If no timely counter-affidavit is filed the party wishing to move must file an affidavit that service was properly made and that the time period allowed has passed without filed objections. The return receipt card is also to be part of the affidavit and there is also to be a petition to confirm the relocation with a proposed modification order where necessary. Where an objection is properly filed to the relocation or the modification of the custody order, a hearing is to be scheduled to consider the request. The hearing is to be expedited and held before relocation is granted unless the court makes a finding that exigent circumstances justify a finding that relocation must precede the hearing.

In deciding a contested relocation case, the factors set forth in Section 5337(h) the factors are essentially the same that have evolved under the case law, such as the nature, quality and duration of the child’s relationship with each of the parents involved. Part of that is also the age and developmental needs of the child or children involved, taking into account the child’s needs. The court is to look at the financial and logistical suitability of alternative custody arrangements and to assess the child’s preference. It is also to examine whether the parents will promote or thwart the child’s continuing relationships with the other. The Court will assess whether relocation enhances the quality of life for (a) the parent proposing it and (b) the children involved.
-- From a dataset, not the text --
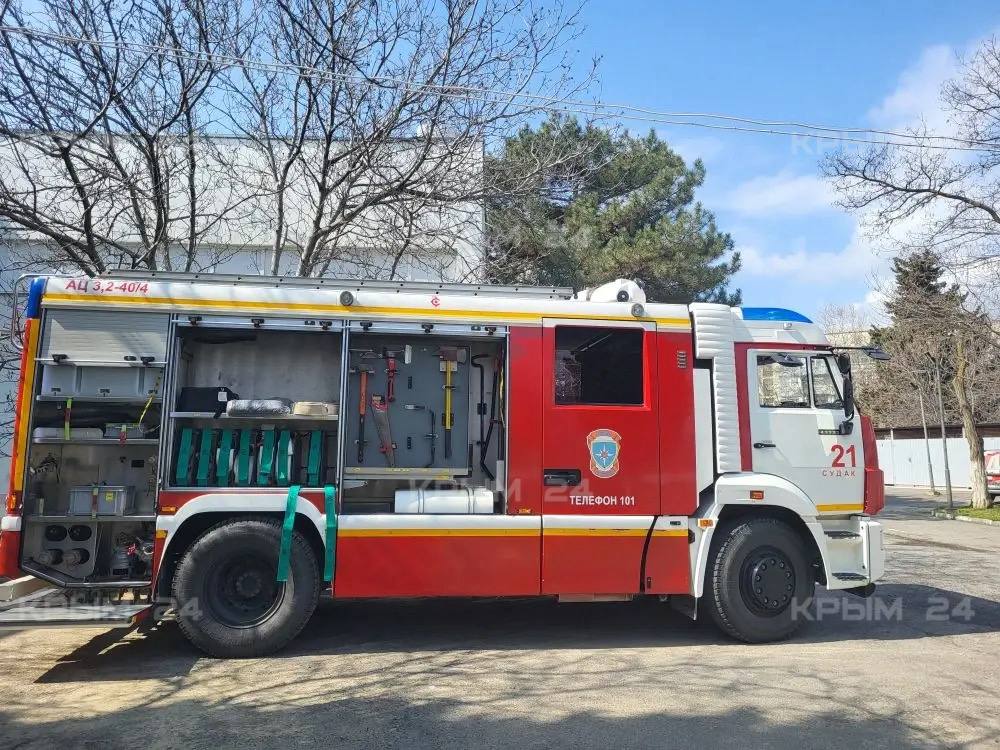 Пожарные провели тренировку в судакской школе Пожарные провели тренировку в судакской школе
The Court is to examine motivation of the parties and to consider whether there is any history of abuse as that term is defined in the Protection from Abuse law.

The party proposing the relocation has the burden of showing that the move will promote the best interests of the child under subsection (i). Each party has the burden of showing the integrity of their motives in the litigation and failure to provide reasonable notice may be considered as indicia of deceit. This may also result in a finding of contempt and/or an assessment of attorneys fees.

Finally, we now have a definition of “relocation” albeit a subjective one. Under Section 5322 it is a residence change that significantly impairs the ability of the non-relocating party to exercise custodial rights. Whereas the prior jurisdictional standards (i.e. out of county) have been substituted for an analysis relevant to the realities of geography – a move within a county may actually pose a greater impact on custody than a move out of state. Now, any relocation which affects the non-relocating parent’s custodial rights will be subject to this statute.